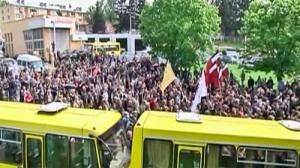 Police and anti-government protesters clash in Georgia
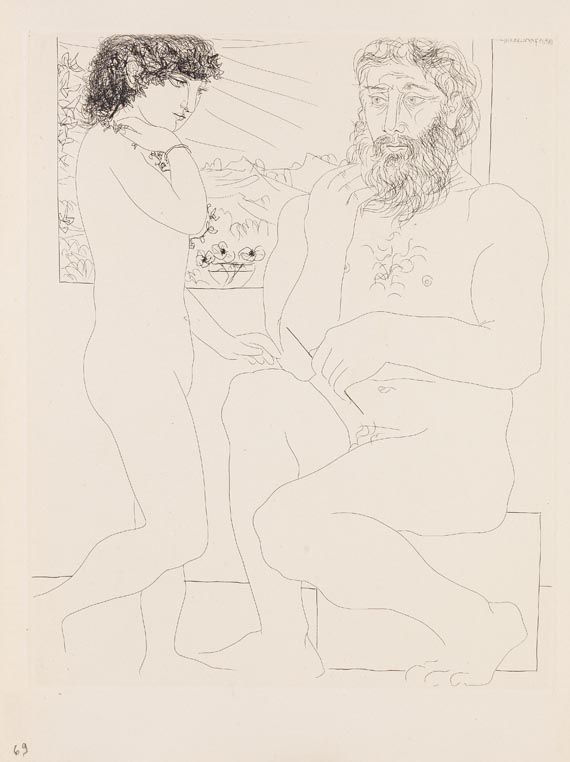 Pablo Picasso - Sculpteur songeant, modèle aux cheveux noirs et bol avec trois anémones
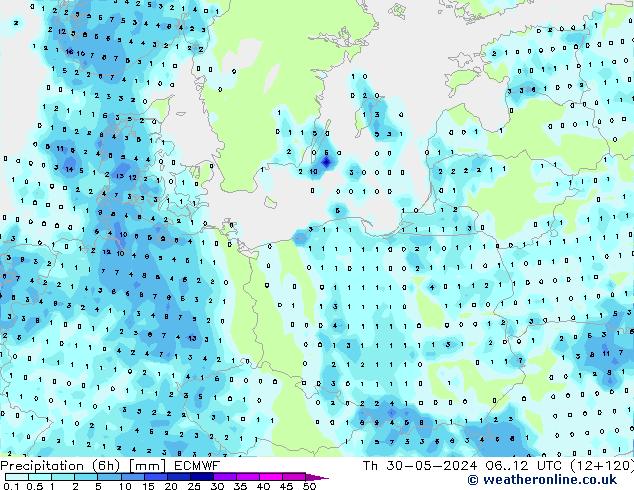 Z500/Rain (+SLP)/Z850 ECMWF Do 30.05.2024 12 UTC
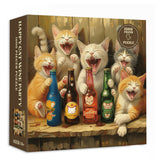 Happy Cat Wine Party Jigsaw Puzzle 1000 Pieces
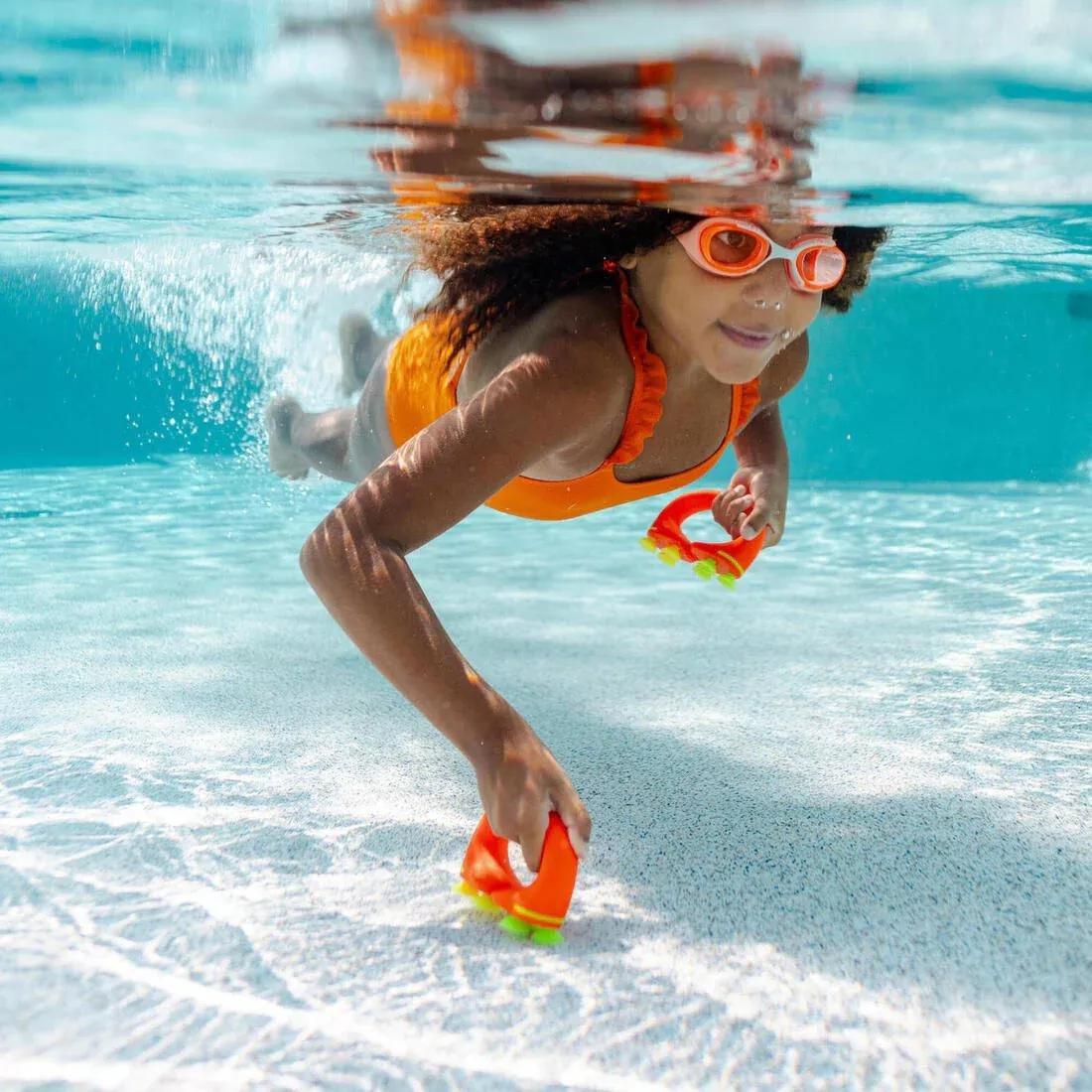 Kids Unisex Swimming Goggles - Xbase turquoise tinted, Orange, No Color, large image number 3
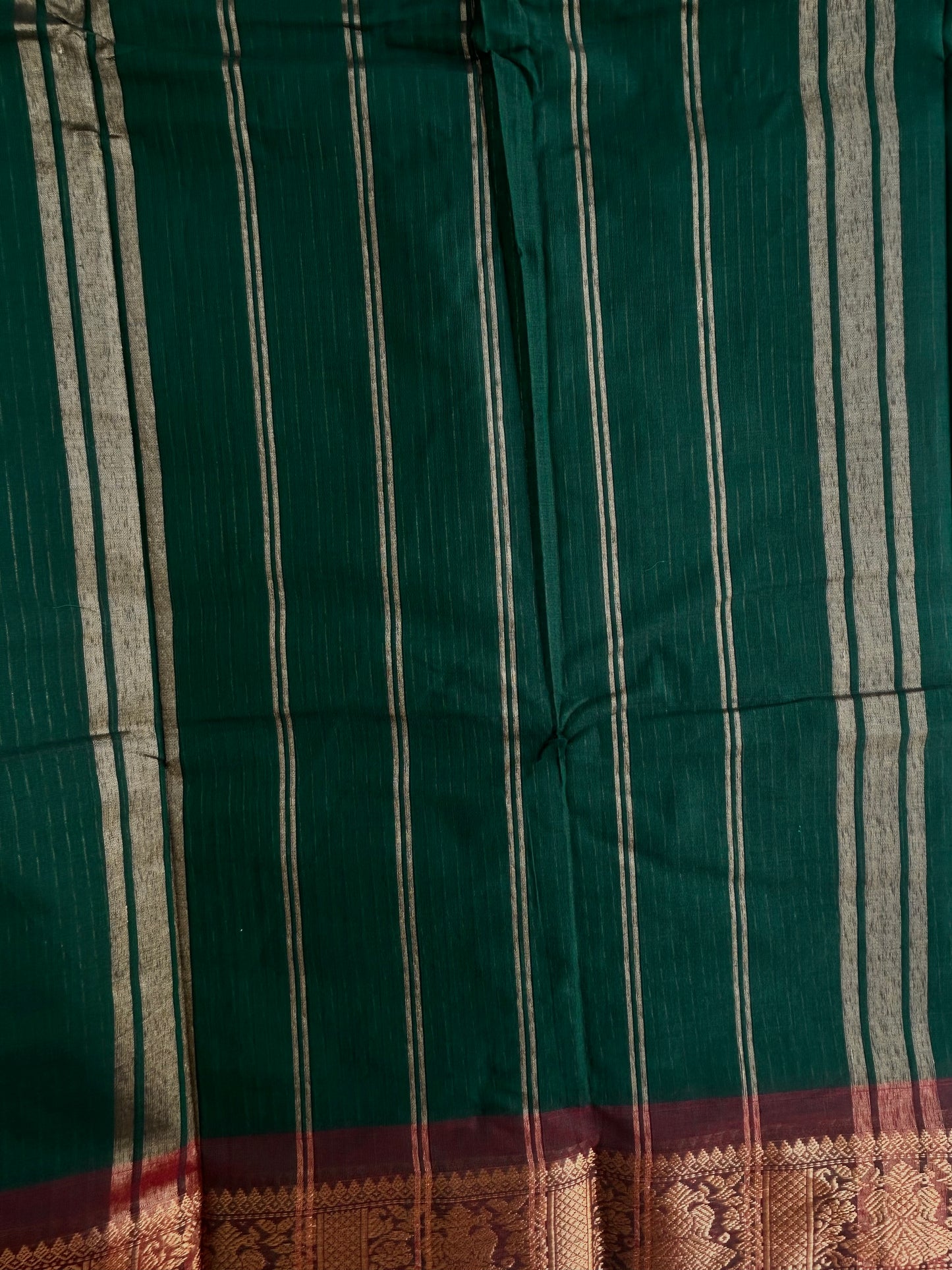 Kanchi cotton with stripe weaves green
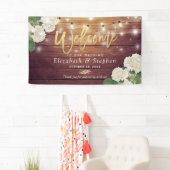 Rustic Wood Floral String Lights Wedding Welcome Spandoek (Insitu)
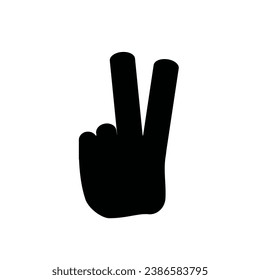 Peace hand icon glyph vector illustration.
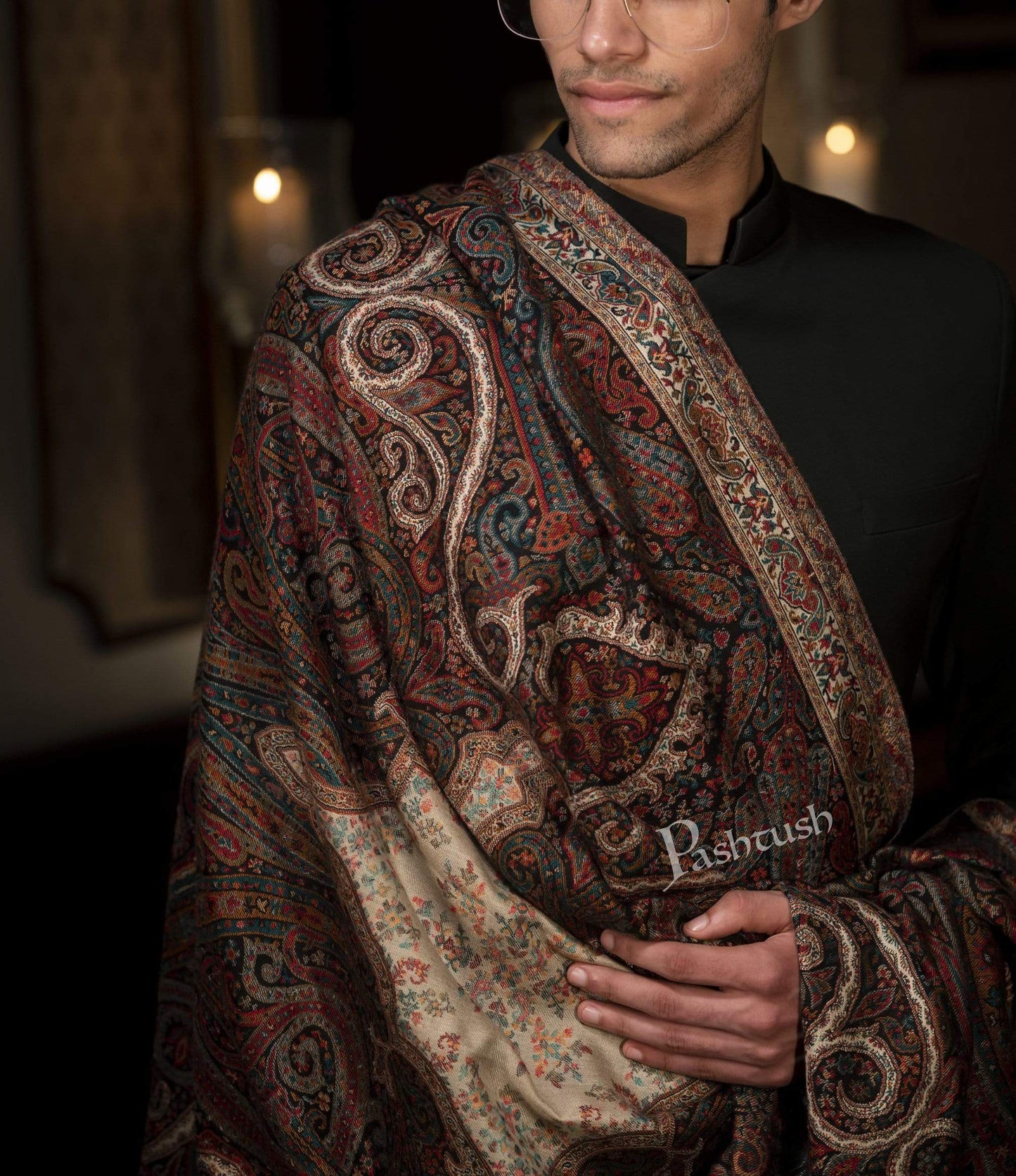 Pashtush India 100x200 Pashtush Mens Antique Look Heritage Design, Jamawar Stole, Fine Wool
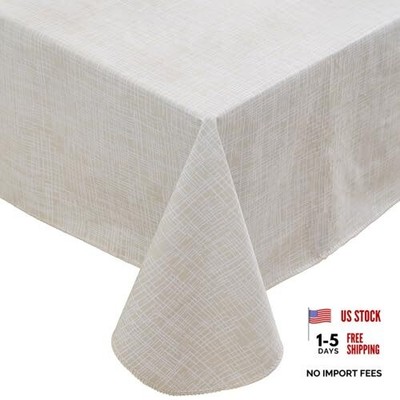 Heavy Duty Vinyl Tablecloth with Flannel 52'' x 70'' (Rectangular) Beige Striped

* * * * * * * * *

Requirement
Only the lines from the one that contains "Peace hand icon glyph vector illustration." through the last line of the records may appear in the answer, retyped exactly and with no pictures.

The answer
 Peace hand icon glyph vector illustration.
 Pashtush India 100x200 Pashtush Mens Antique Look Heritage Design, Jamawar Stole, Fine Wool
 Heavy Duty Vinyl Tablecloth with Flannel 52'' x 70'' (Rectangular) Beige Striped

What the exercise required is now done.